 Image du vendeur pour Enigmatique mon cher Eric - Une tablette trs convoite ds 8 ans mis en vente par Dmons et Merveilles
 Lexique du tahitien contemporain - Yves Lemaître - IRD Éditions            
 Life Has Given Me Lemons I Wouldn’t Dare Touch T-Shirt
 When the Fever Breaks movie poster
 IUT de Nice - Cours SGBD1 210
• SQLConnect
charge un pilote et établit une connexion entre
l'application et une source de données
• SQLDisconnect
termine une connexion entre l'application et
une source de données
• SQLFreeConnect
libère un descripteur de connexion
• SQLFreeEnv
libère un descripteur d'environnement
..............................
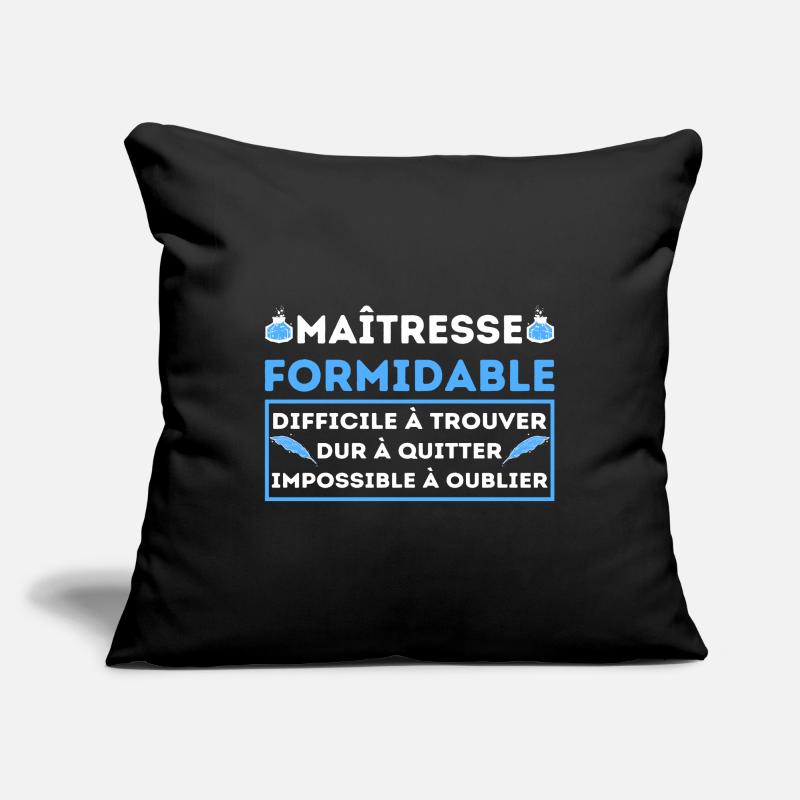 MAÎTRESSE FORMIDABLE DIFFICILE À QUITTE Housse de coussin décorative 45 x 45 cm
..............................
■ Assignment
Copy out each line of the entries above that holds "libère".

■ Response box
libère un descripteur de connexion
libère un descripteur d'environnement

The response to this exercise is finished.